Has anyone successfully rid their fuel system of algae? What is
the best method?
Subj: [C34] Contaminated diesel Fuel
From: PaulLaw342@aol.com
When I did my annual fuel filter change, I found that the Racor
filter had quite a bit of black stringy and black globular material
in it. I am presuming that this is algae and that I received a
contaminated fill up this summer.
What to do now. One mechanic assures me the algae will die in the
freezing winter temperatures of Western NY and will slowly be
captured by the filter next season as long as I monitor and
frequently change them @ $17.95 a Racor filter. Another mechanic
says to pump the diesel from the tank, rinse well and discard it via
a waste management company (total cost about $90 plus the cost of
refilling the tank). Has anyone successfully rid their fuel system
of algae? What is the best method?
Paul Law "Avalon" #912
Subj: Re: [C34] Contaminated diesel Fuel
From: RPDIII@aol.com
Paul:
By any chance does your fuel system have the screen on the fuel tank
line pickup and have you removed the screen? By the way the cost of
cleaning the tank is still a lot less expensive than rebuilding, and
replacing, the injector pump.
Rich Dwyer "Rebellious"
Subj: Re: [C34] Contaminated diesel Fuel
From: Dosgoats@aol.com
Paul
1. Have you been treating your fuel with biocide regularly at every
fill up? If not, you could have been growing the algae all by
yourself and it may not have been the fuel vendor's fault.

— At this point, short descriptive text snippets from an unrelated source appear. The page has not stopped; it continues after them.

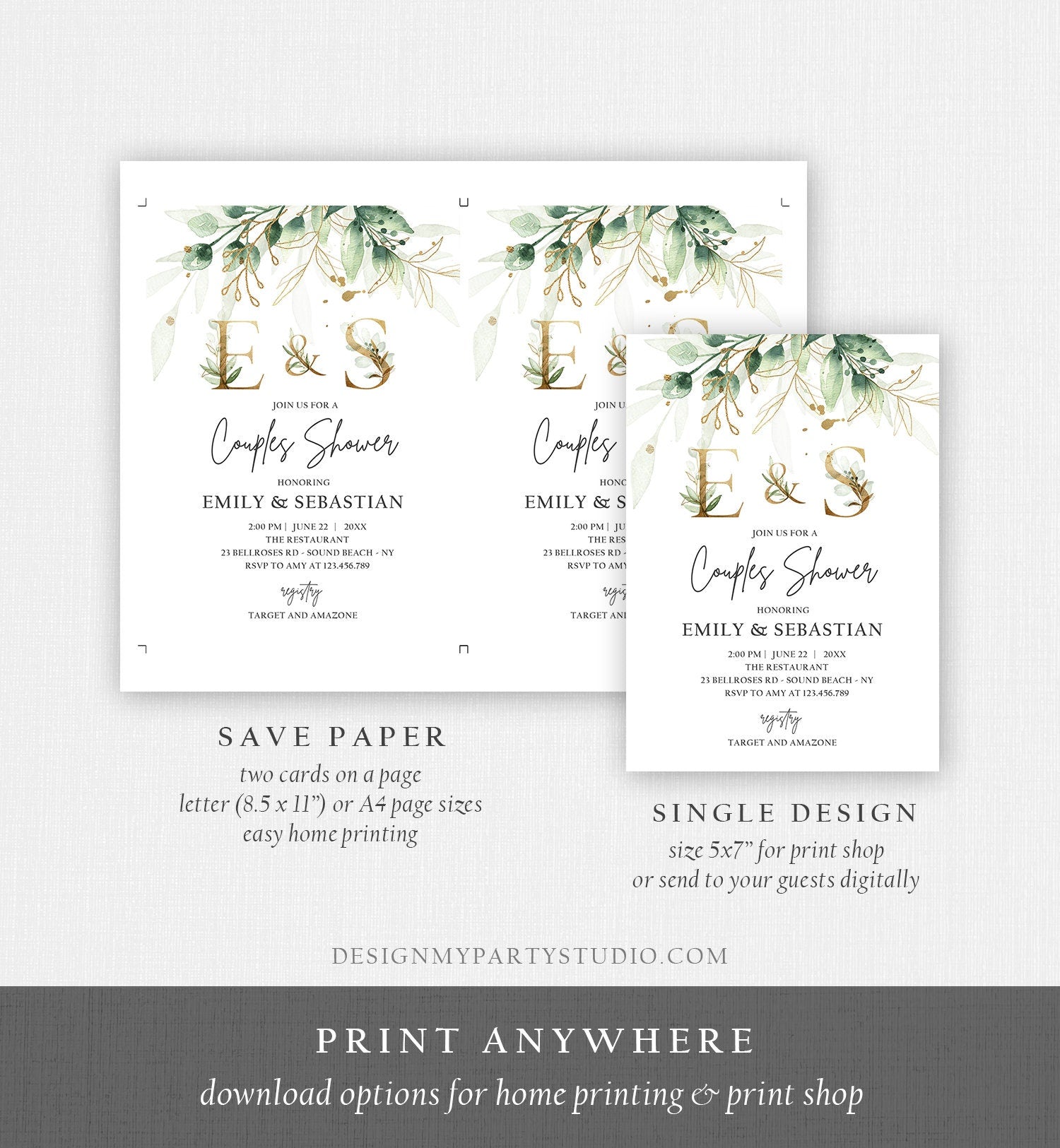 Editable Gold Greenery Monogram Couples Shower Invitation Bohemian Green Floral Gold Bridal Botanical Flower Digital Template Printable 0168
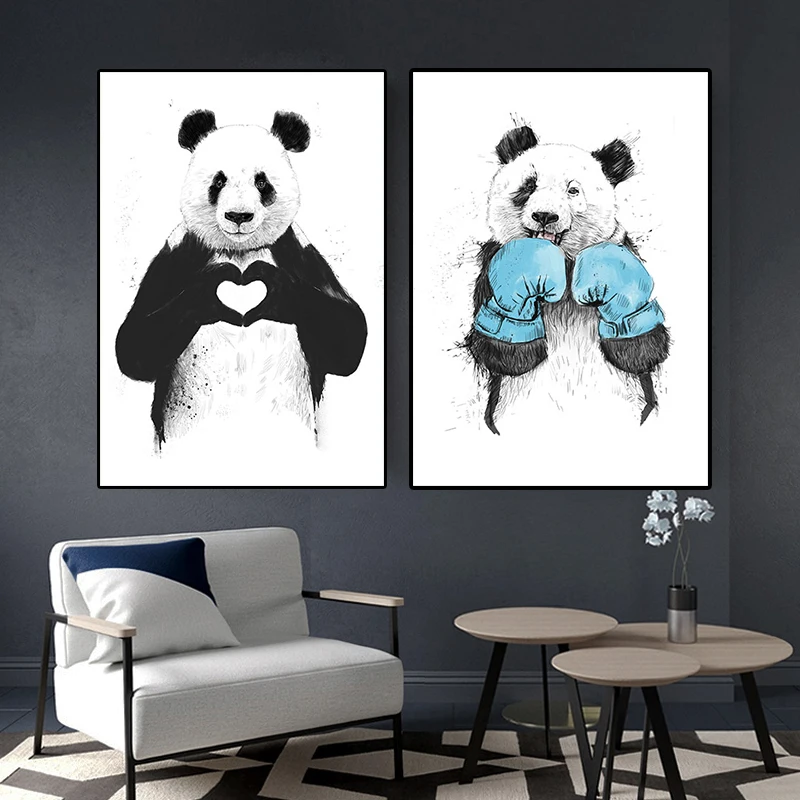 Скандинавский плакат и принты Милая панда минималистичный черный белый синий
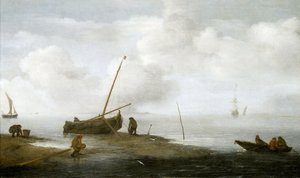Simpukankalastus, kalastusvene rannalla ja kolme miestä keräämässä simpukoita koreihinsa. Öljy kankaalle 1622, Jan Porcellis (1580-1632). tekijältä Jan Porcellis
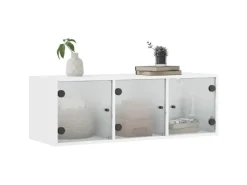 Outlet vidaXL Wandschrank mit Glastüren Weiß 102x37x35 cm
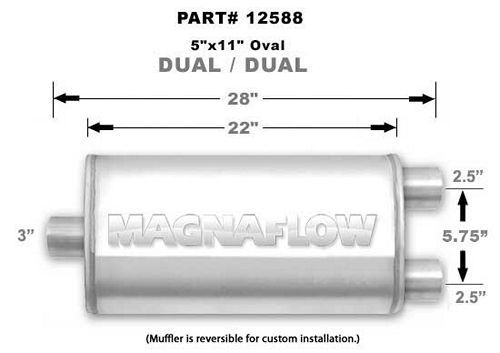 Stainless Muffler 3in Inlet/2.5in Dual Outlet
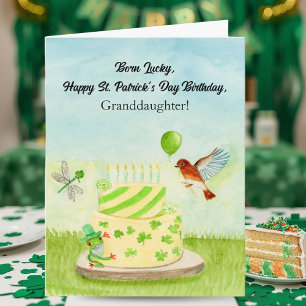 Carte Petite-fille Joyeux St Patrick Anniversaire
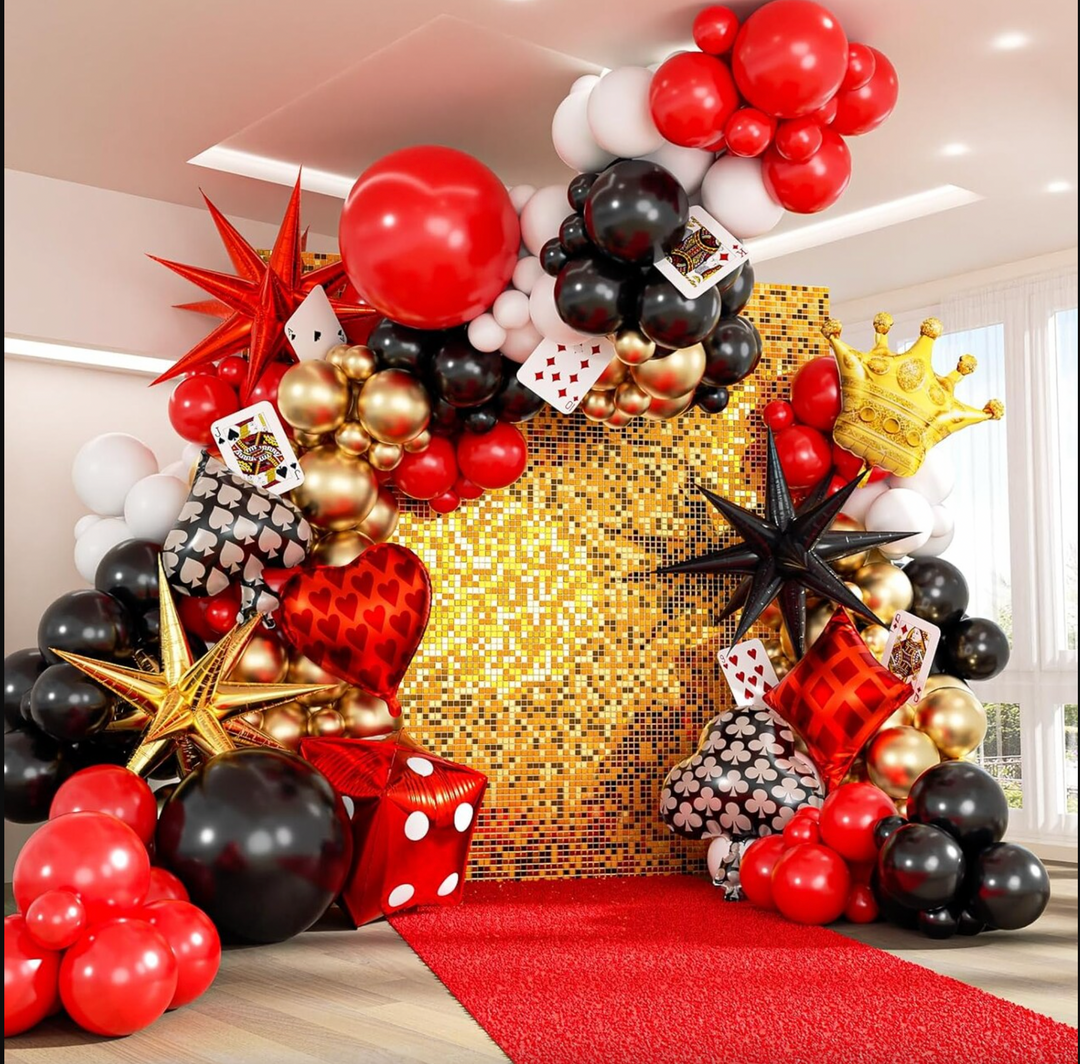 Casino Night Backdrop with Garland and Shimmmer wall (plus installation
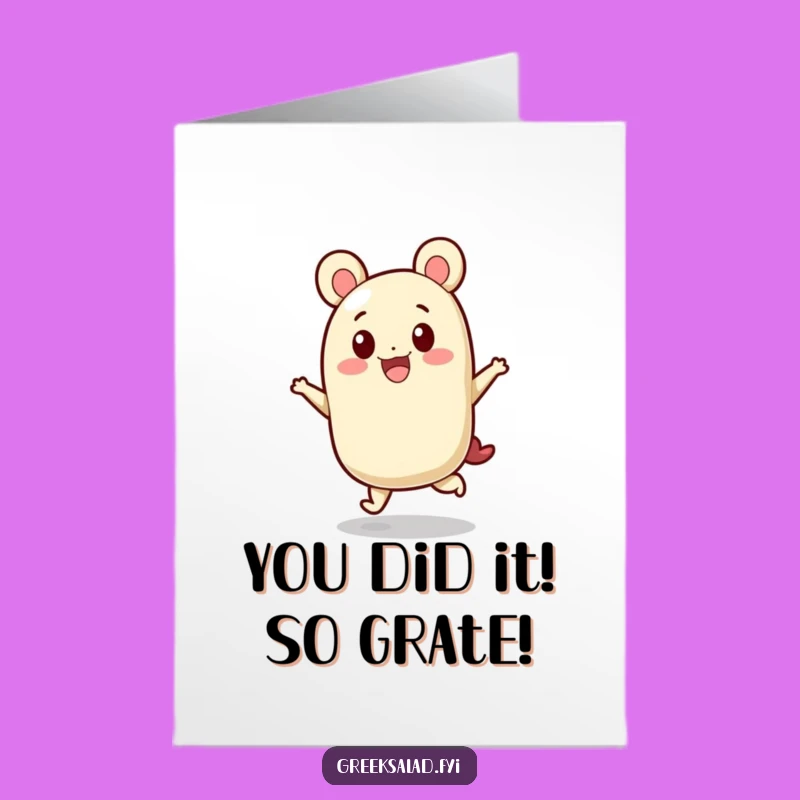 Free Printable Congrats Card: Hopping Feta Cheese, Humorous Downloadable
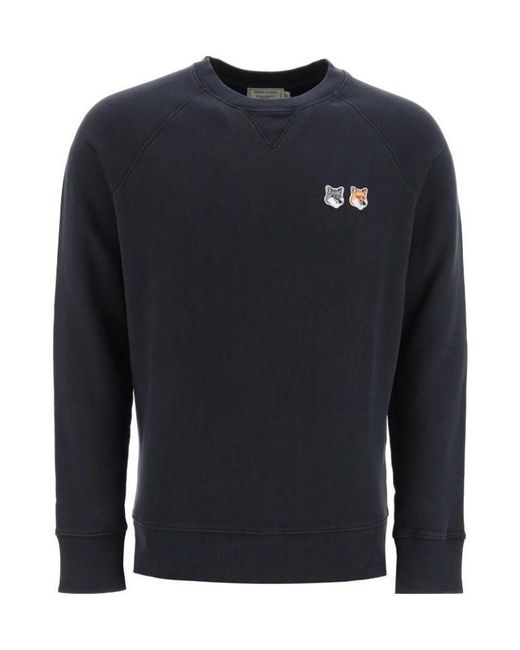 Maison Kitsuné Blue Logo-Patch Crew Neck Sweater for men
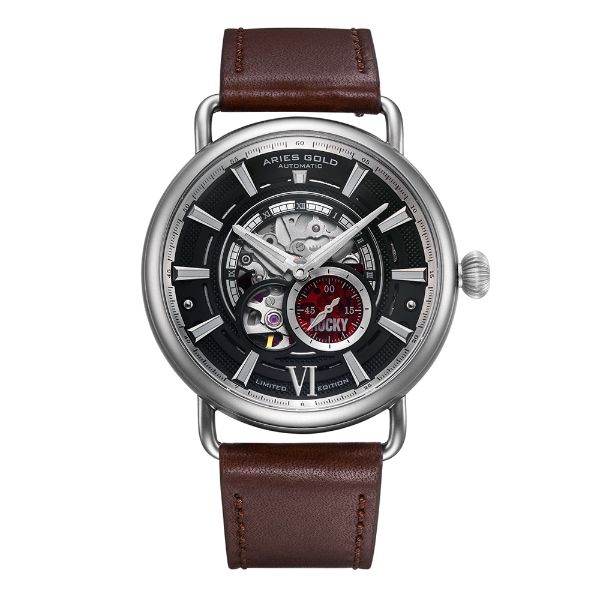 ARIES GOLD AUTOMATIC ROCKY LIMITED EDITION INVINCIBLE SILVER STAINLESS STEEL G 9013 S-BK LEATHER STRAP MEN'S WATCH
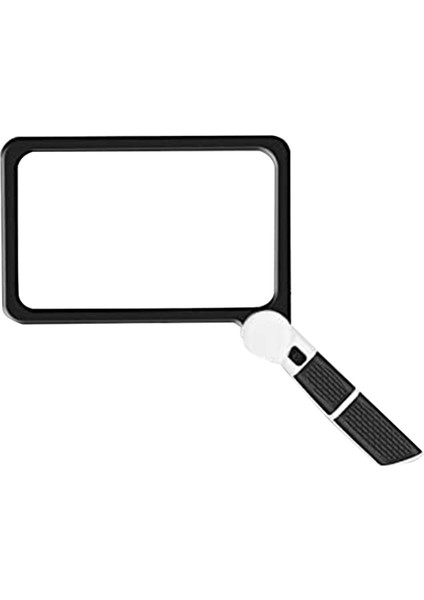 Tam Sayfa 5x Katlanır Işıklı Büyüteç Okuma Için Dikdörtgen Tutma Büyüteci, 48 LED Işıklı (Yurt Dışından)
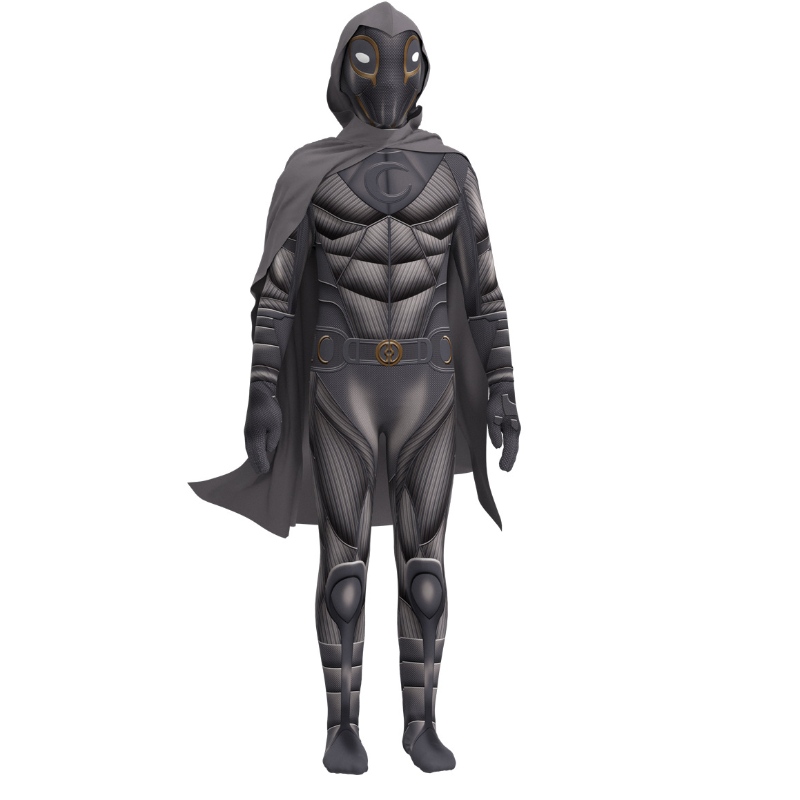 Moon Knight Costume Marc Spector Black Superhero Movie Cosplay Sumpuit Suit per bambini e uomini di Halloween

2. It is possible to have the fuel analyzed to determine what the
growth is.
3. It is also possible to have the fuel "polished" or
reconsitituted, rather than discarding it. Depends on how much fuel
you have left in your tank.
4. Have you checked the strainer on your fuel pump also?
Stu Jackson #224 "Aquavite" San Francisco
Subj: Re: [C34] Contaminated diesel Fuel
From: PaulLaw342@aol.com
Rich, you're right that rebuilding pumps and injectors is an
expensive proposition. I'm less concerned about the cost of pumping
out the fuel and rinsing the tank than I am on the true
effectiveness of the process. Will it work or will I not be able to
clean the tank well enough to get the junk out? I removed the filter
at the end of the fuel pick up hose last year.
Thanks, Paul Law "Avalon" #912
Subj: Re: [C34] Contaminated diesel Fuel
From: RPDIII@aol.com
Hi Paul,
If you removed the screen at the end of the pickup line then your
mechanic could be right. But if you are still finding a lot of
sludge then the clean out sounds like the best answer. Please keep
us informed of your progress and success of setbacks.
Thanks Rich
Subj: Re: [C34] Contaminated diesel Fuel
From: FRANKKUL@prodigy.net (Frank Kulscar)
We've had a problem with our 1986 boat with algae. The first year we
bought the boat (1996) the engine quit several times until I removed
the pick up tube on the fuel line. Thereafter, we had the engine
quit once or twice after traveling in heavy seas (wash machine
action in the tank) after not changing the filter for some time. For
the past two years I've changed the filter regularly at
approximately 50 hours or after numerous heavy seas travels and have
("knock on wood") not had the engine quit. My neighbor had
the tank cleaned on his 36 with the high pressure filtering system.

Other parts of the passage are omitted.